C'est cette corporalité multiforme qui, à mon sens, fait l'attrait de Demon's Souls. Elle demeure toutefois indissociable des éléments qui la mettent en mouvement, qui initient et entretiennent l'appréhension. Notamment les boss spectaculaires et puis, pêle-mêle : les niveaux tracés avec équilibre, l'histoire sombre et épique, les compositions musicales caractéristiques, les doublages savoureux... Autant d'aspects qui, à défaut d'être novateurs, restent d'excellente facture, et scellent le jeu parmi les plus intéressants de son temps.

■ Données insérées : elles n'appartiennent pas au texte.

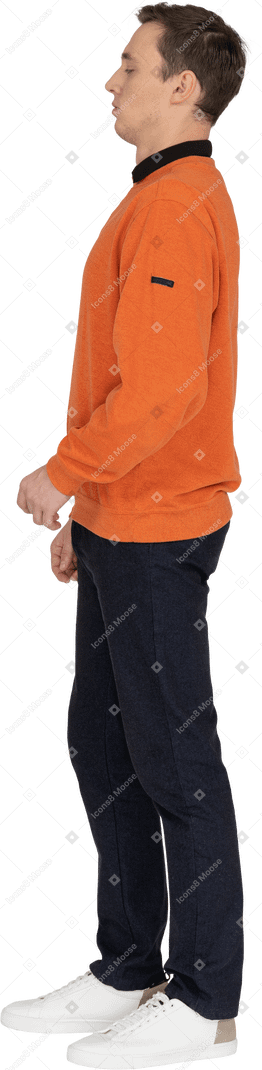 Giovane uomo in felpa arancione in piedi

L'avatar de Demon's Souls n'a pas été conçu uniquement en tant qu'interface. C'est en premier lieu un corps, avec son occupation de l'espace et son inertie. Il faut se familiariser avec les capacités de déplacement limitées, évaluer le coût en temps de chaque attaque, déterminer les moments de liberté qui coïncident avec les ouvertures des ennemis. Cette approche bottom-up du modèle, pétri de complexité et ensuite mis à disposition, se détache d'un long historique de personnages sans autonomie, conçus en écho aux désirs des joueurs et des joueuses bien avant d'exister pour eux-mêmes. Mais en restituant sa matérialité au vecteur d'incarnation, l'expérience n'en est que plus immersive.

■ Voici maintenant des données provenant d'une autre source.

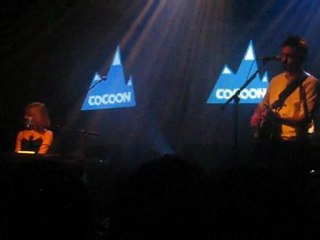 Cocoon - Hey ya (cover Outkast) @ La Cigale 25/10/2008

La dimension très physique de ce socle d'interaction trouve un prolongement efficace avec la gestion des souls. Monnaie d'échange du jeu, les âmes sont incontournables pour l'amélioration des compétences, et se récoltent au contact des ennemis. Ce système, traditionnel s'il s'en arrêtait là, fait l'objet d'une réactualisation brillante. Les âmes acquises sont confisquées lorsque le personnage meurt. Elles peuvent être restaurées s'il est ramené depuis le début du niveau jusqu'à l'endroit de la défaite, mais en cas de deuxième mort avant d'être parvenu·e à les retrouver, elles sont définitivement perdues.

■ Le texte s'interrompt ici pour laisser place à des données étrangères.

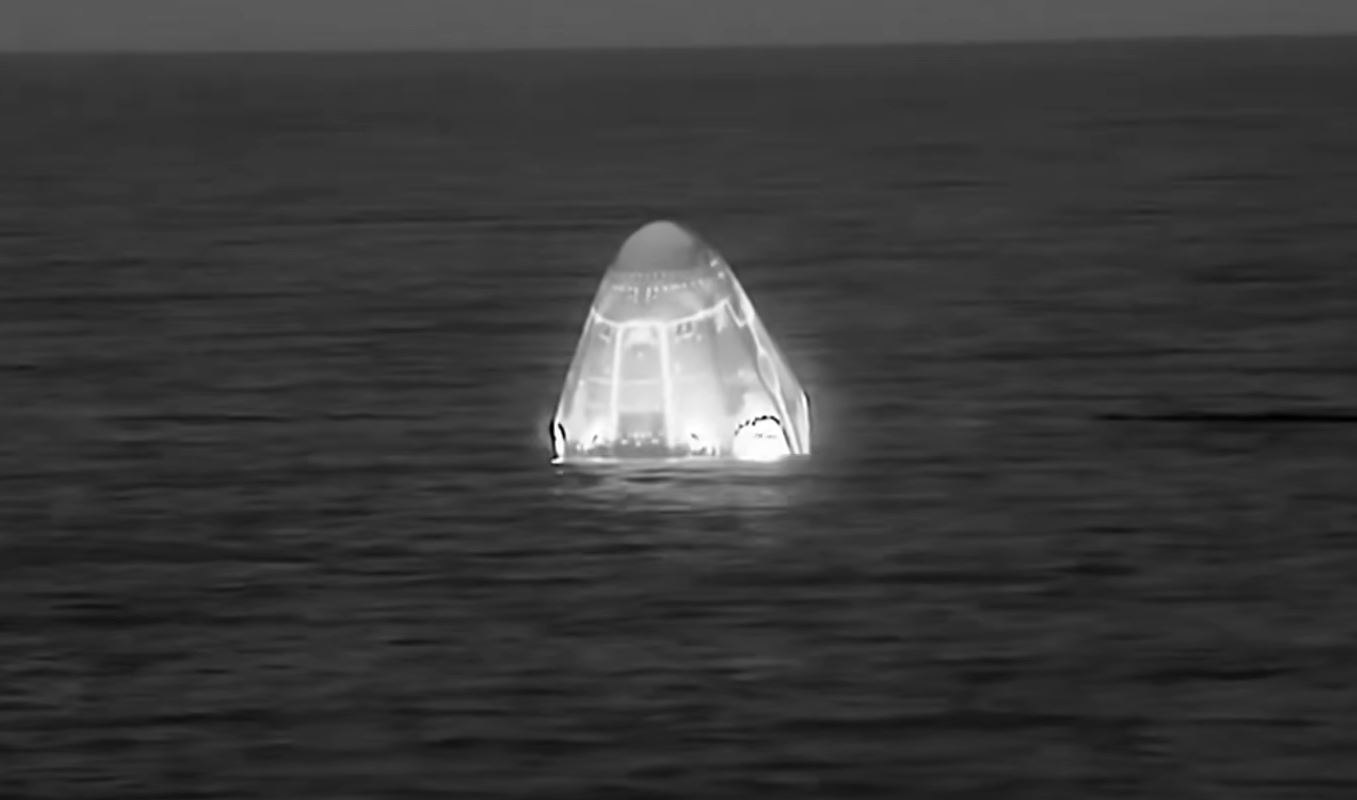 Επέστρεψε στη Γη το πλήρωμα της NASA μετά το πρωτοφανές ιατρικό απρόοπτο στον ISS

Cette pépite de design altère irrévocablement le rapport au jeu. La menace d'être privée des âmes acquises induit une tension constante, dans les phases de chasse au butin perdu évidemment, mais aussi pendant l'exploration « libre », alors que la mort ne fait encore que planer. Et quand elle frappe, la sentence est douloureuse, mais a priori méritée, car les mécaniques de combat étaient suffisamment rigoureuses pour qu'une prudence maintenue permette de survivre. Le respect que Demon's Souls exige est élastique ; qui enfreint cet accord devra redoubler d'efforts pour sauver ses gains.
Jamais injuste, la sentence n'est pas non plus vécue comme une punition. La possibilité de racheter son erreur, en fournissant l'attention qui était demandée dès le départ, place bien plutôt l'après-quête sous le signe d'une rédemption. En même temps, l'envie de retrouver ce qui a été ravi est si forte... À moins que ce ne soit le désir d'effacer l'affront qui prévale ? Quel que soit le moteur de sa résolution, la scission entre le personnage et les âmes accaparées cristallise une convoitise tenace, et détoure un vide aux frémissements presque tangibles.
C'est cette corporalité multiforme qui, à mon sens, fait l'attrait de Demon's Souls. Elle demeure toutefois indissociable des éléments qui la mettent en mouvement, qui initient et entretiennent l'appréhension. Notamment les boss spectaculaires et puis, pêle-mêle : les niveaux tracés avec équilibre, l'histoire sombre et épique, les compositions musicales caractéristiques, les doublages savoureux... Autant d'aspects qui, à défaut d'être novateurs, restent d'excellente facture, et scellent le jeu parmi les plus intéressants de son temps.